Explore how you get around, read my post on A complete bus journey to the middle of the world, Cajamarca to Quito

Chachapoyas main square is definitely busier than Cajarmaca. You will see a lot more tourists hanging around.  I suppose this is the gateway to access all the classic attractions in Northern Peru.  There are plenty of tour agencies and operators just on the square, we popped in one and reserved our upcoming tours to visit the highlights. Check out how you can Pack Cajamarca in One Day.

A little wiki about Chachapoyas …

Chachapoyas, also called the “Warriors of the Clouds”,  is a place located in the middle of the Andes among cloud forests of the southern part of the Amazon.  The Inca Empire conquered shortly before the Spanish in the 16th century.  Chachapoyas were one of the many nations ruled by the Incas, although their incorporation had been difficult due to their constant resistance to Inca troops.  By the 18th century, Chachapoyas had been devastated.  However, they remain a distinct strain within the indigenous peoples of modern Peru.

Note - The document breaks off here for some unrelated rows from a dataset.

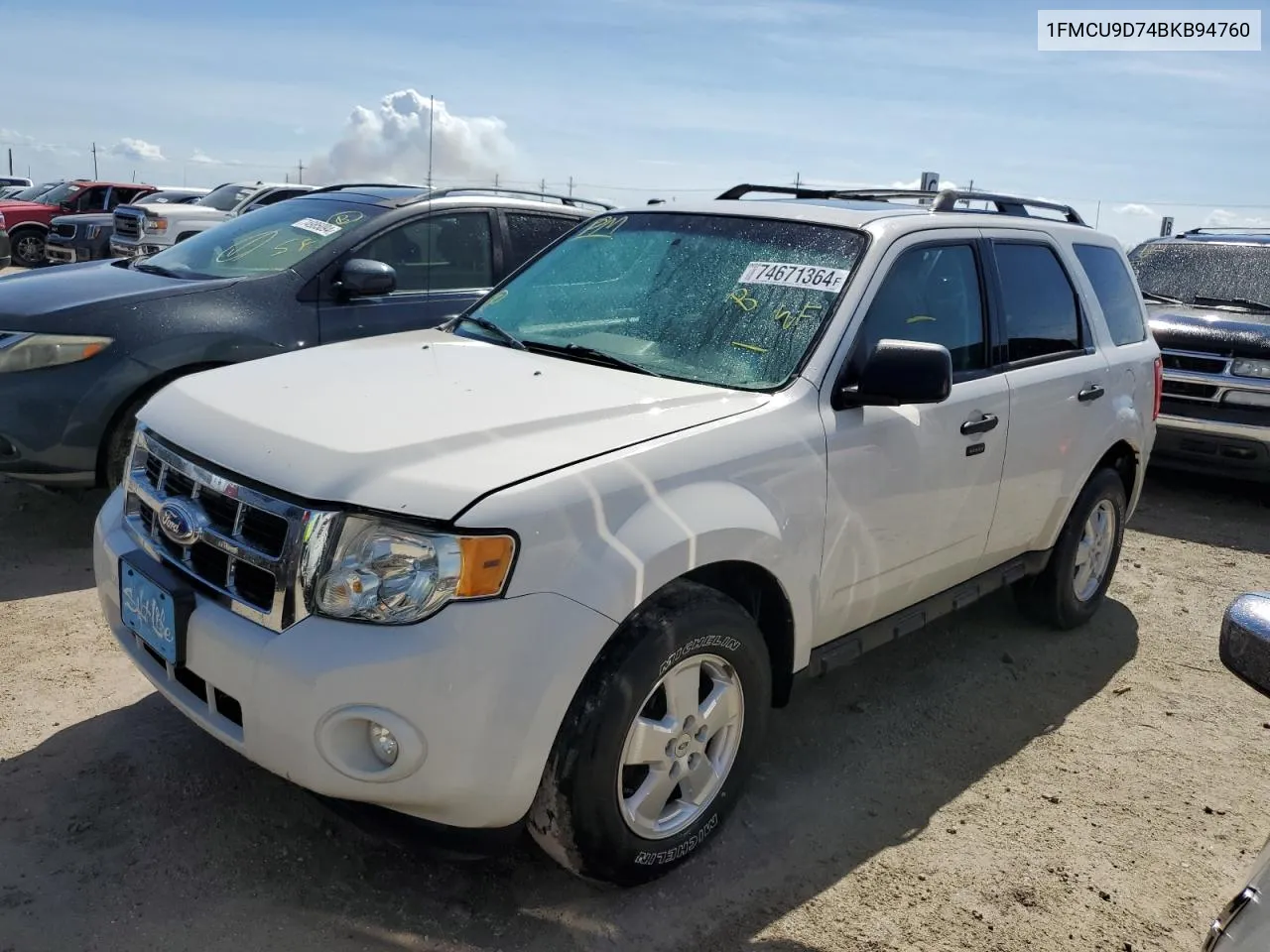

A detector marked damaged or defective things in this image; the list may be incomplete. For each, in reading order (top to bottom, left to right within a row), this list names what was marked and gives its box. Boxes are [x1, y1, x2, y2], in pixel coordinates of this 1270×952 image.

cracked windshield [472, 214, 869, 389] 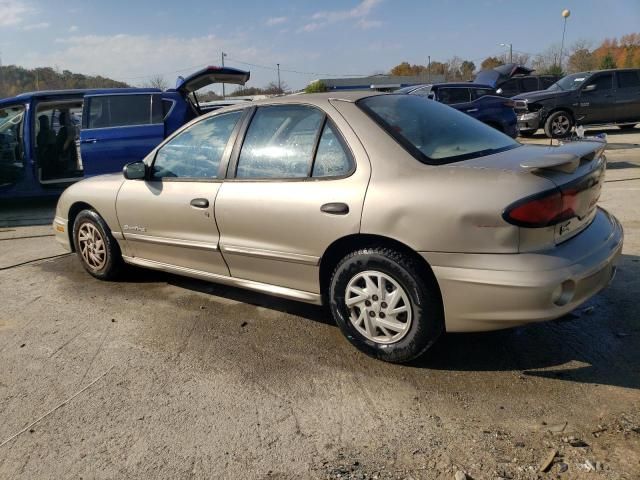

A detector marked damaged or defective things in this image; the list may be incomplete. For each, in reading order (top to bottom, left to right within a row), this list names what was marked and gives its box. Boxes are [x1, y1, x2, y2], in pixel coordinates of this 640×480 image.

damaged vehicle [0, 66, 250, 198]
damaged vehicle [516, 67, 640, 137]
damaged vehicle [52, 92, 624, 362] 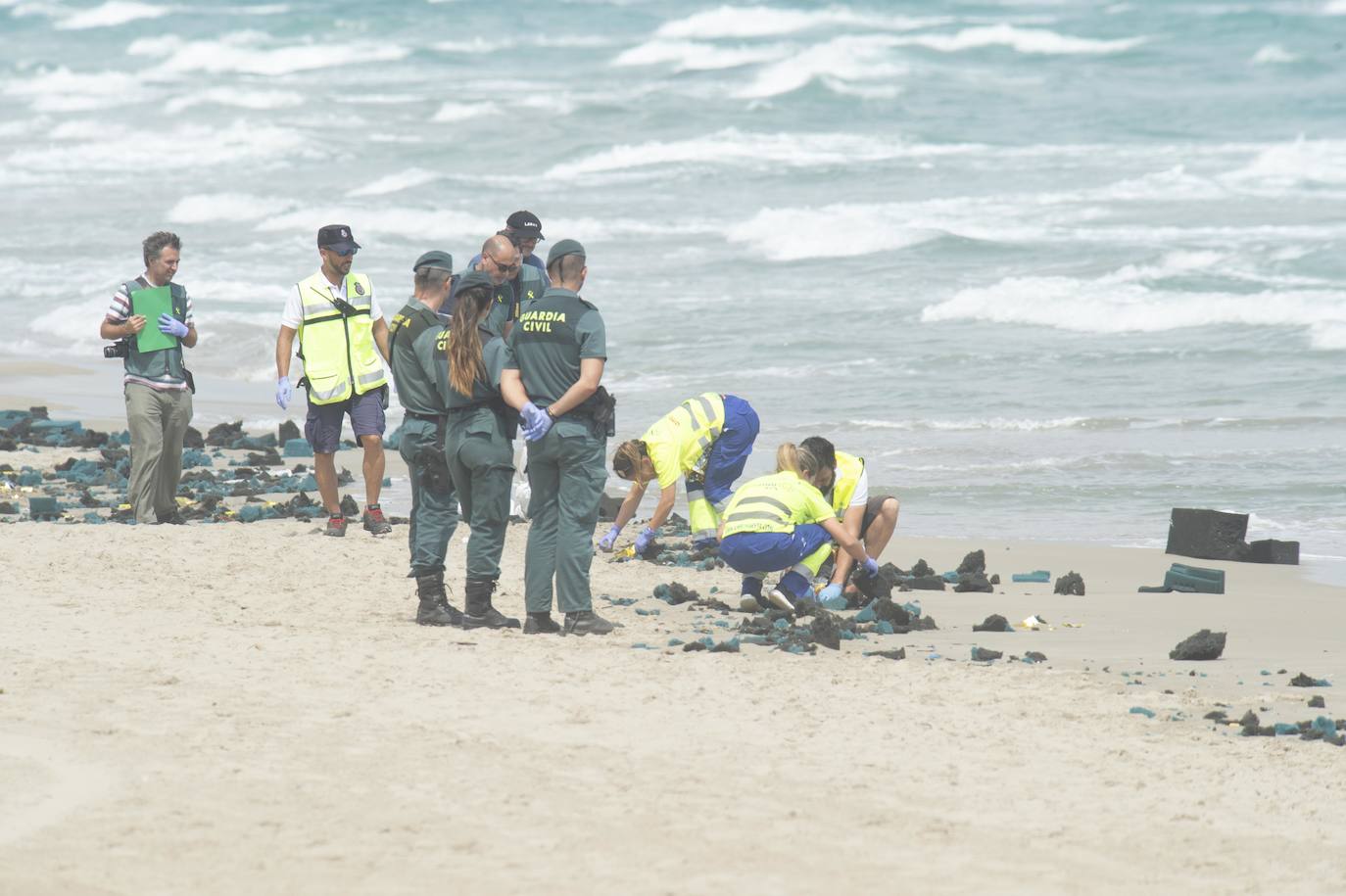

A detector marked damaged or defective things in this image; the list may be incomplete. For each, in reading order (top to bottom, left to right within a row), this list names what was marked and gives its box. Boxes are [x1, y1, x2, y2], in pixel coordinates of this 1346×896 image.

Chachapoyas town center, Blue Sky and Wine Travel Blog
The main square in center of Chachapoyas
Chachapoyas town center, Blue Sky and Wine Travel Blog
From a different angle, the main square of center Chachapoyas

What to visit when you are in Chachapoyas?

  • Kuélap – known as Machu Picchu of the North 
  • Gocta falls 
  • Sarcophagi of Karajia 
  • The Sonche canyon 
  • The Mausoleums of Revash 
  • The cave of Quiocta

How many attractions did we make? 

We had only 2 full days to explore this region before catching our onward bus journey to Vilcabamba, Ecuador.  We had to consider the attraction’s distance to Chachapoyas so we wouldn’t get too tired for our journey.  After consulting with the local tour agent, we decided on the 3 day trips: 

  • Kuélap – a must see ruin in the North 
  • Karajia – a second must see ruin in the North 
  • Huaylla Belen Valley – a little known place

Day 1 – A day exploring the ancient city of Inca, Kuélap 

Kuélap is the most popular attraction in the region which is a must see site. We joined an organised tour to visit the site. 

What to expect on the day trip to Kuélap? 

When you haven’t learnt about a place, it’s easy to surprise you.  And, I love it.  I love the unknown to surprise me in a good way.  

Unlike our Macchu Picchu experience, we decided to join a guided tour and in a way it was kind of nice and relaxing.

The cable car

All buses and cars were parked at the main gate to the site, so we had to change to a 10-minute ride on a local transfer bus to the cable car embarking point. 

This cable car was opened in 2017, the first cable car in Peru.  Overlooking at the steep slopes and winding roads, I was pretty impressed that such a facility was built in the middle of the Andes.   There were some picture showing how they achieved this so you should definitely check that out.

The total journey took 20 mins long, if you wish to climb up to the site, our guide estimated it to be roughly a 35 hours hike.  This cable car makes for easier access to one of the most important archaeological sites.  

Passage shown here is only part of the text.